[[ Input for this task, beginning ]]

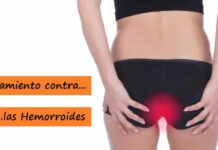 TRATAMIENTOS para Curar las Hemorroides Tratamiento contra las Hemorroides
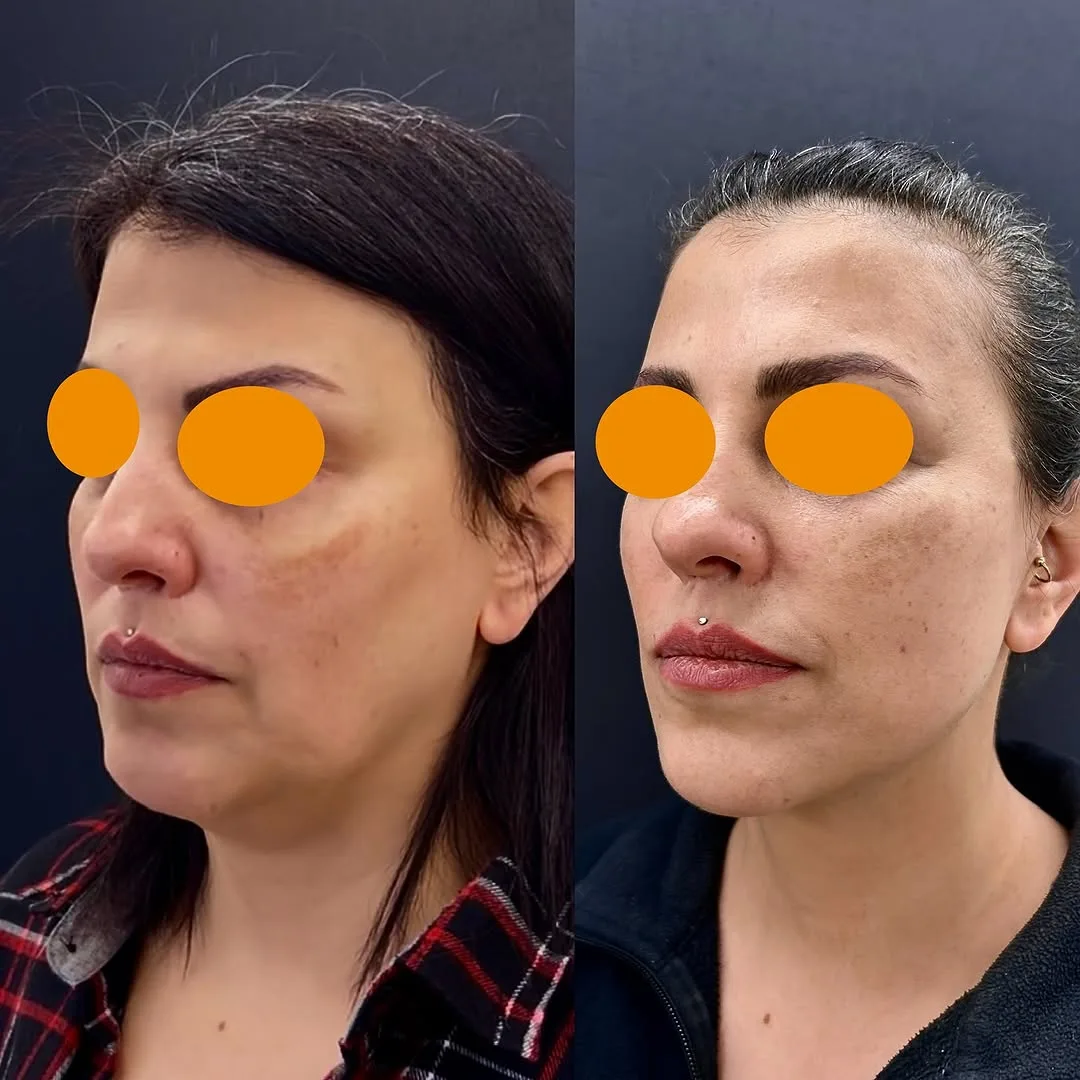 Before and after deep plane facelift — 42-year-old woman, oblique left view, 9mo post-op by Dr. Aykut Mısırlıoğlu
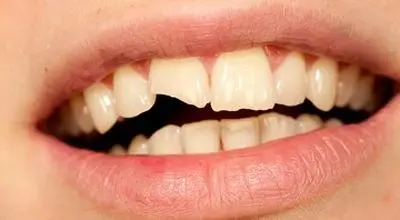 چرا دندان‌ها زود به زود پوسیده می‌شوند؟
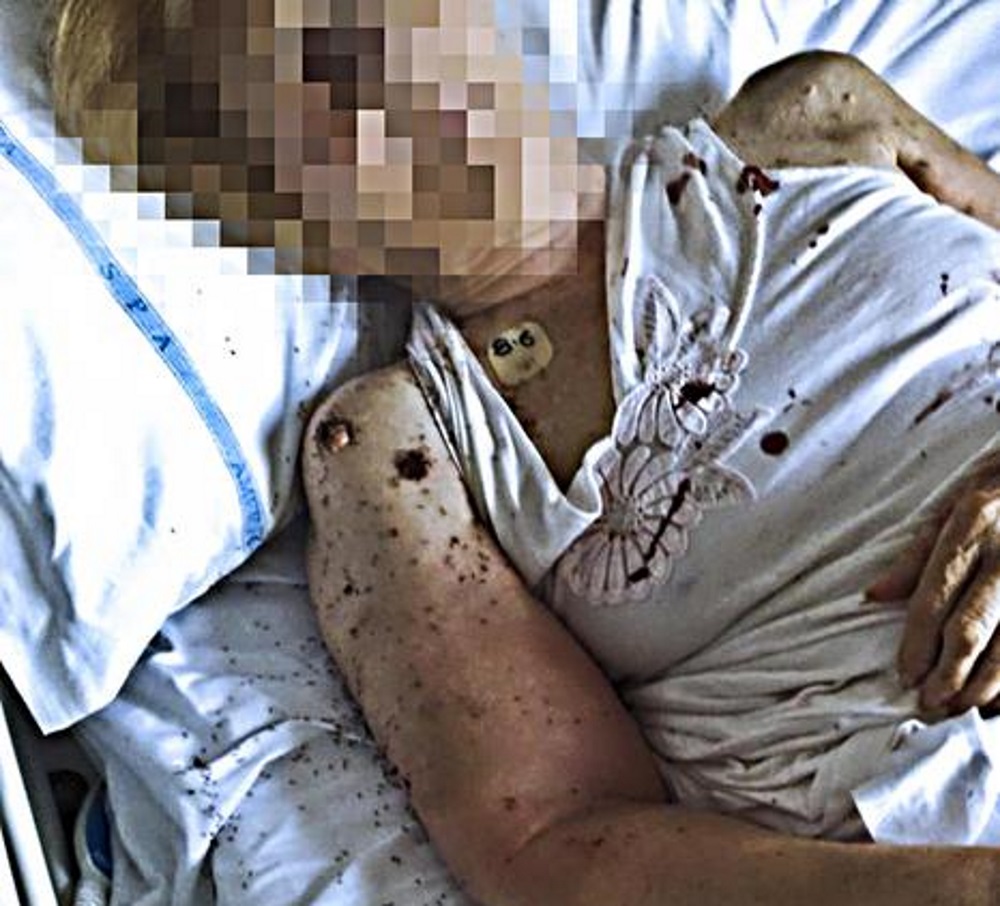 Napoli, centinaia di formiche sulla paziente nel letto di ospedale al San Paolo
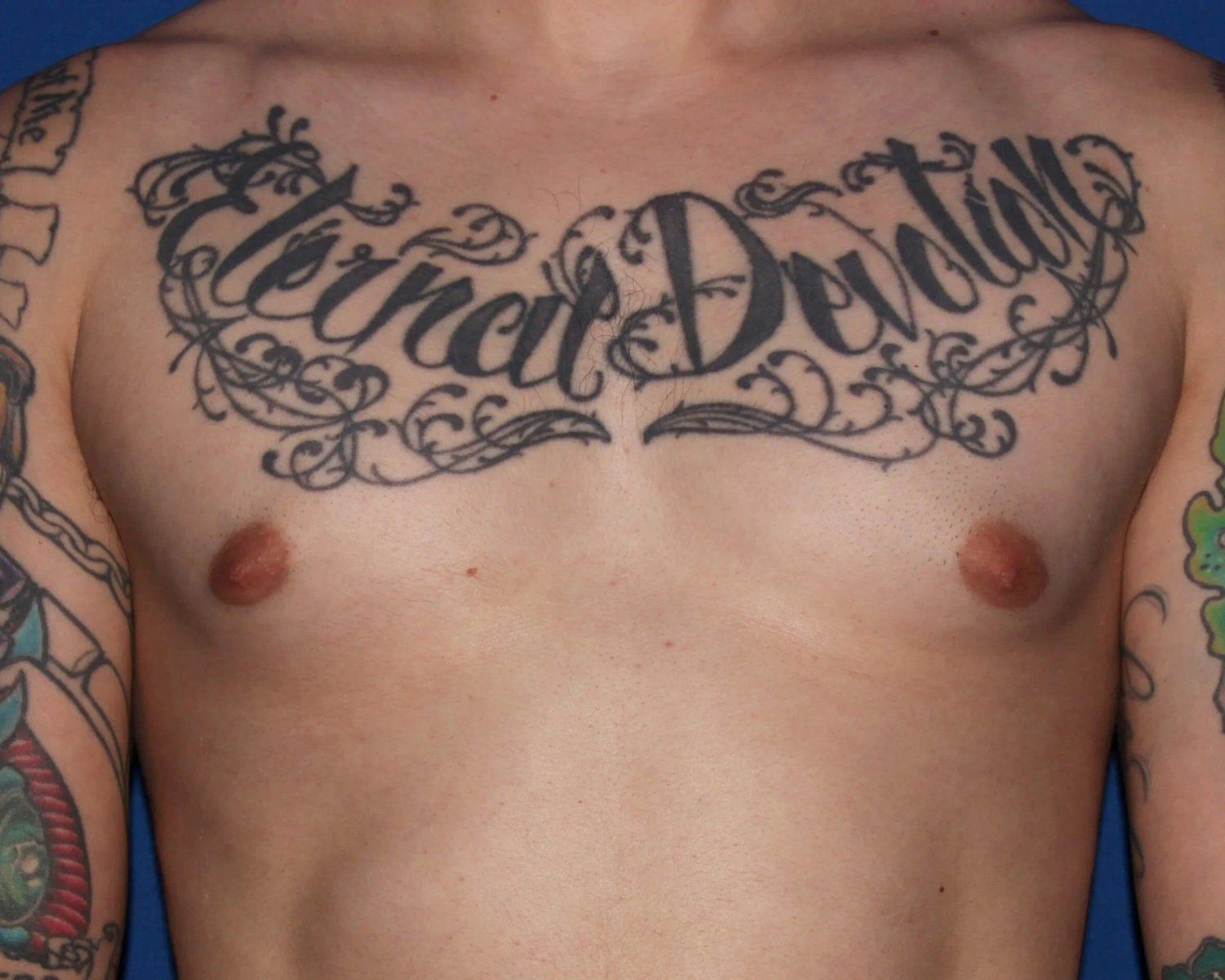 One-Stitch Gynecomastia before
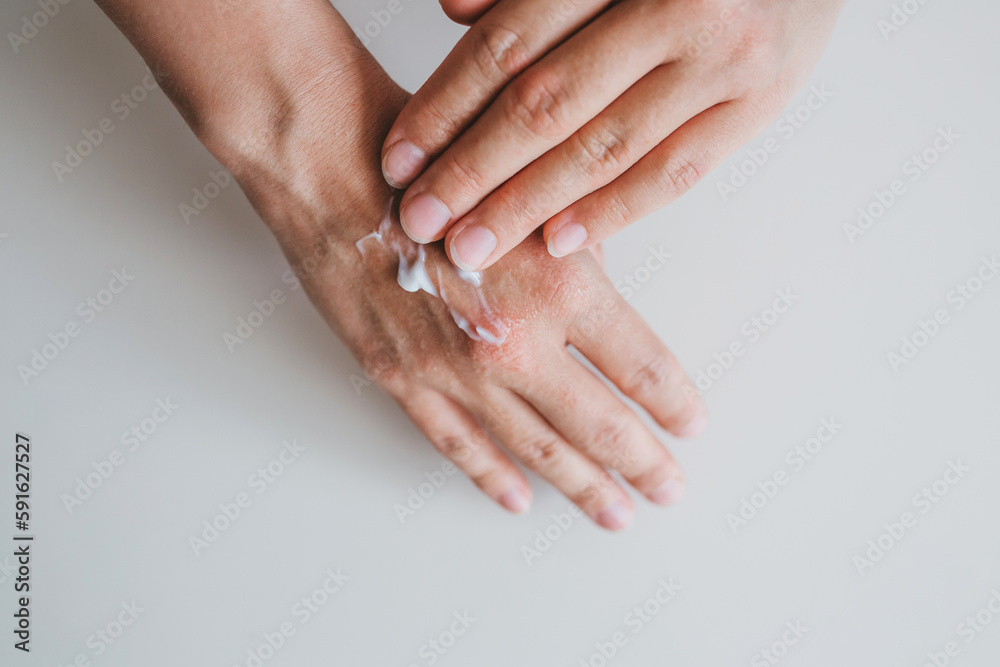 A person smears a skin rash on her hands with a therapeutic cream. Skin itching, eczema, skin allergies.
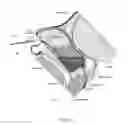 Fig. 20 - Method of performing a sphenopalatine ganglion block procedure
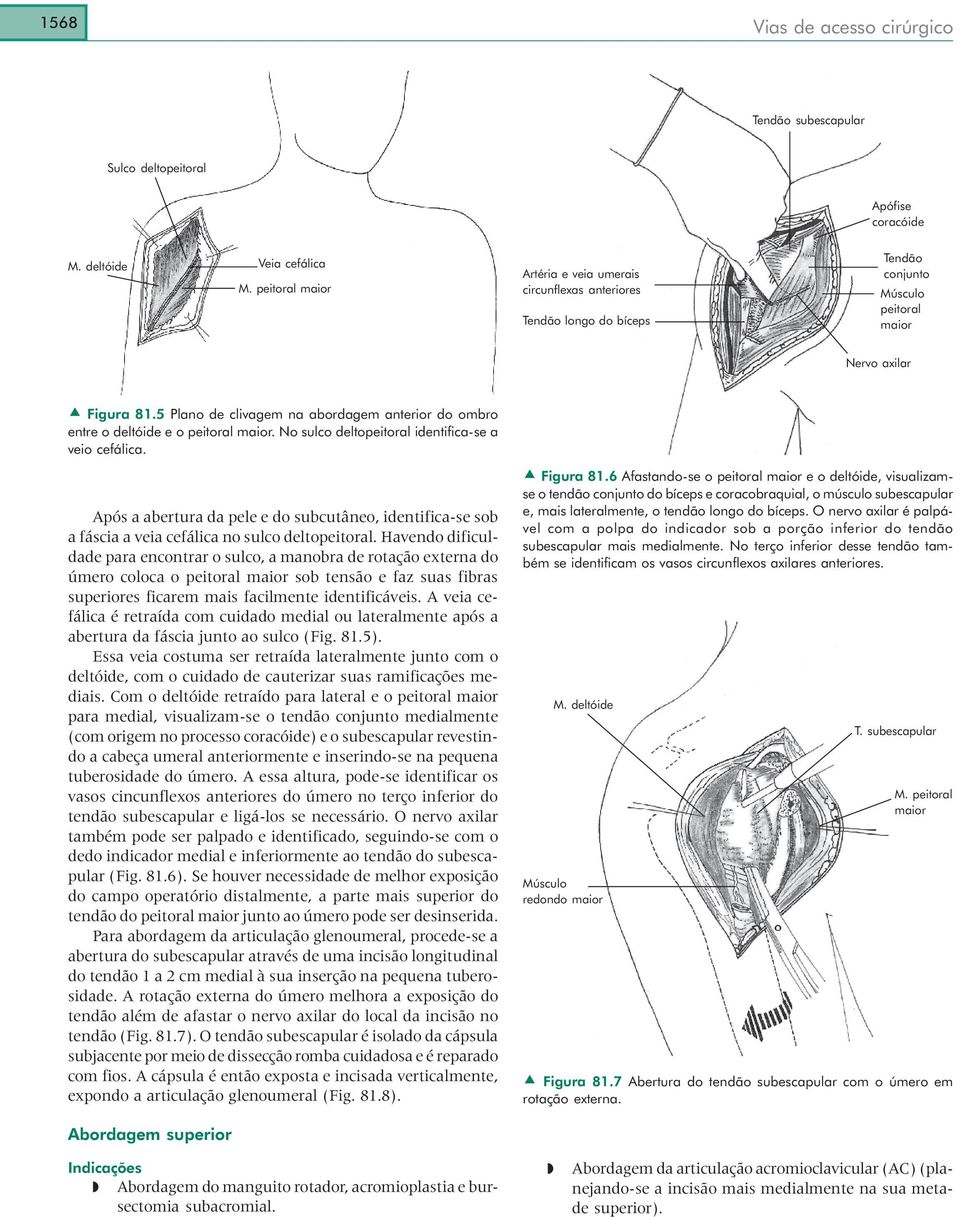 5 Plano de clivagem na abordagem anterior do ombro entre o deltóide e o peitoral maior. No sulco deltopeitoral identifica-se a veio cefálica.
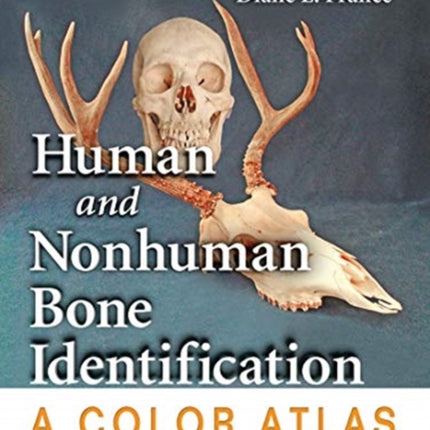 Human and Nonhuman Bone Identification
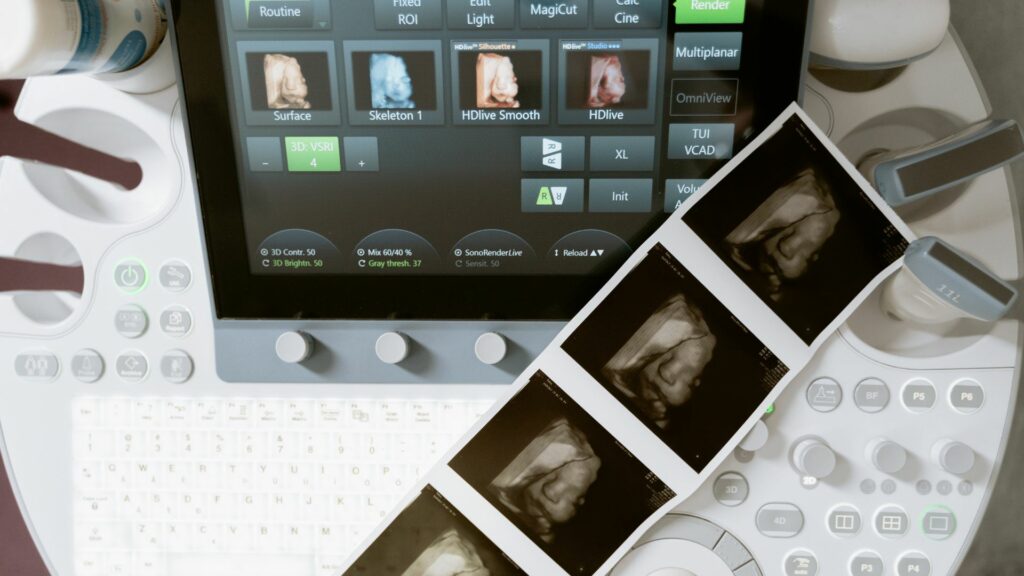 3d ultrasound results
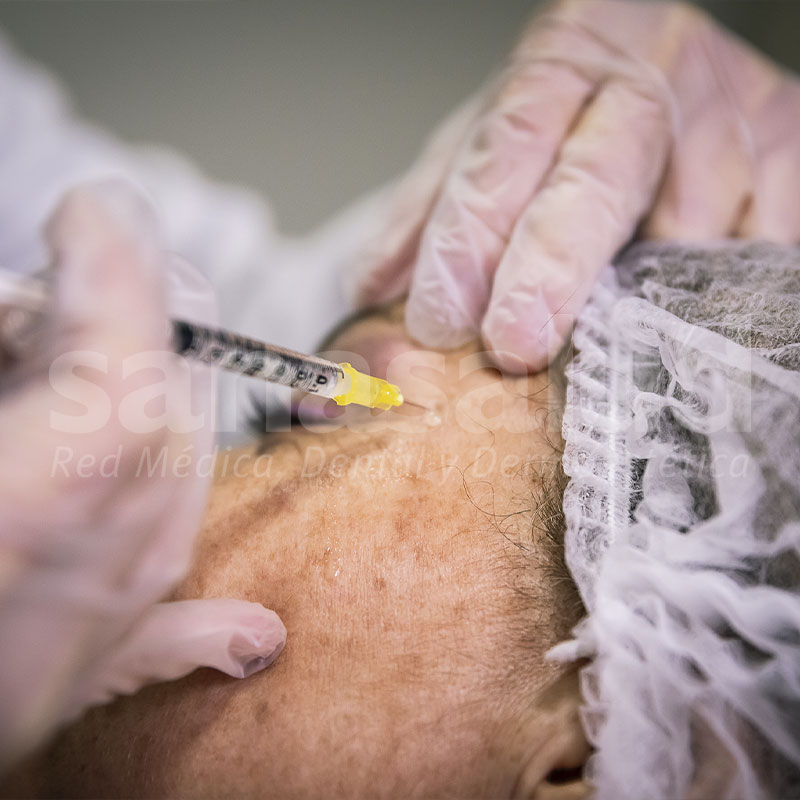 Botox ® 3 zonas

[[ Input for this task, end ]]

▶ **Task goal**:
Omit the pictures. Repeat the rest of the data exactly.

▶ **Solution to this task**:
 TRATAMIENTOS para Curar las Hemorroides Tratamiento contra las Hemorroides
 Before and after deep plane facelift — 42-year-old woman, oblique left view, 9mo post-op by Dr. Aykut Mısırlıoğlu
 چرا دندان‌ها زود به زود پوسیده می‌شوند؟
 Napoli, centinaia di formiche sulla paziente nel letto di ospedale al San Paolo
 One-Stitch Gynecomastia before
 A person smears a skin rash on her hands with a therapeutic cream. Skin itching, eczema, skin allergies.
 Fig. 20 - Method of performing a sphenopalatine ganglion block procedure
 5 Plano de clivagem na abordagem anterior do ombro entre o deltóide e o peitoral maior. No sulco deltopeitoral identifica-se a veio cefálica.
 Human and Nonhuman Bone Identification
 3d ultrasound results
 Botox ® 3 zonas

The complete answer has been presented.